A trent’anni di distanza da un trama che ha sconvolto la sua infanzia, Adelaide Wilson torna nella casa sulla spiaggia dove è cresciuta, insieme al marito e ai due figli. Mentre il passato sembra tornare a tormentarla, la donna cade in uno stato di paranoia dalle conseguenze spaventose e inaspettate.

 

Non fate l’errore di guardare questa pellicola con il solo occhio che scandaglia ciò che vede ma provate a lasciarvi trasportare, ad andare oltre le apparenze e forse (perdonatemi ma il condizionale è d’obbligo) riuscirete a percepire tutto il di più che le cose non dette possiedono. Non fate come me, condizionata da una visione (forse) superficiale che non è riuscita a carpire i significati nascosti che solo dopo sono andata a ricercare in spiegazioni dettagliate che comunque non mi hanno convinta più di tanto.

 

L’ottima fotografia di Mike Gioulakis che alterna le ombre alla luce nei momenti che distinguono la notte dal giorno, laddove la notte è da sempre il momento in cui i demoni interiori si palesano, è il cardine fondamentale attorno alla quale si muovono sia i personaggi che la sceneggiatura, scritta dallo stesso Peele che detiene anche il soggetto della pellicola, che racchiude spesso in modo sparso e confusionario l’infanzia e l’esistenza di Adelaide evidentemente affetta da una forma depressiva acuta che genera il lei il terrore di se stessa.

 

Il marasma di contenuti che la pellicola contiene è eccessivo per un film che deve avere una durata costringente, lo stesso finale, che apre a molteplici interpretazioni ogni singola scena vista, finisce per essere ridotto ad un banale atto conclusivo di qualcosa che meriterebbe una spiega più approfondita.

 

Jordan Peele prova così a realizzare un horror partendo dalle paure più infime dell’essere umano, rafforzandole con connessioni bibliche e storie realmente accadute (le persone vestite di rosso che si tengono per mano ricordano non poso l’evento del 1985 Hands Across America) affinché anche il più misero accenno di timore si possa radicare nel profondo e dare benzina e fuoco ad una miccia innescata già dalle prime sequenze.

 

Se le intenzioni sono però ben esplicite, molto si disperde nell’atto della realizzazione.
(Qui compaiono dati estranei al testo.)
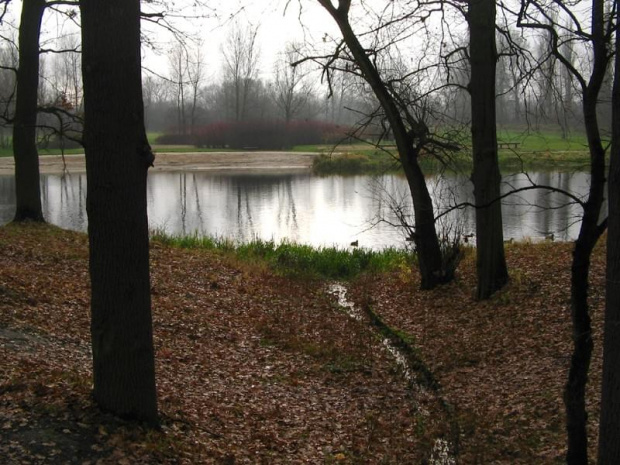 Widok na "Martówke" #park #BydgoskiePrzedmieście #Toruń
Non capendo molto di ciò che vediamo, almeno non fino al finale in parte rivelatorio, la realizzazione di Peele più che una pellicola sembra un atto dimostrativo, un’opera d’arte astratta che a volte disturba per l’ennesimo estremo tentativo di voler dire senza mostrare.

 

Pur avendo quasi sempre bocciato tutte quelle pellicole di cui devo andarmi a ricercare il senso che hanno dietro, e ovviamente non parlo di quelle costruite su una valida sceneggiatura che lasciano libera l’interpretazione ma piuttosto di quelle, come appunto Us o piuttosto Get Out, che volutamente escludono pezzi di narrazione con l’intento di affascinare maggiormente chi guarda, senza rendersi conto di creare una confusione irritante, stavolta sarei ingiusta se bocciassi a pieni voti l’opera di Peele che per quanto scomposta possiede il fascino (molto più di Get Out) dei thriller mal scritti ma ben montati.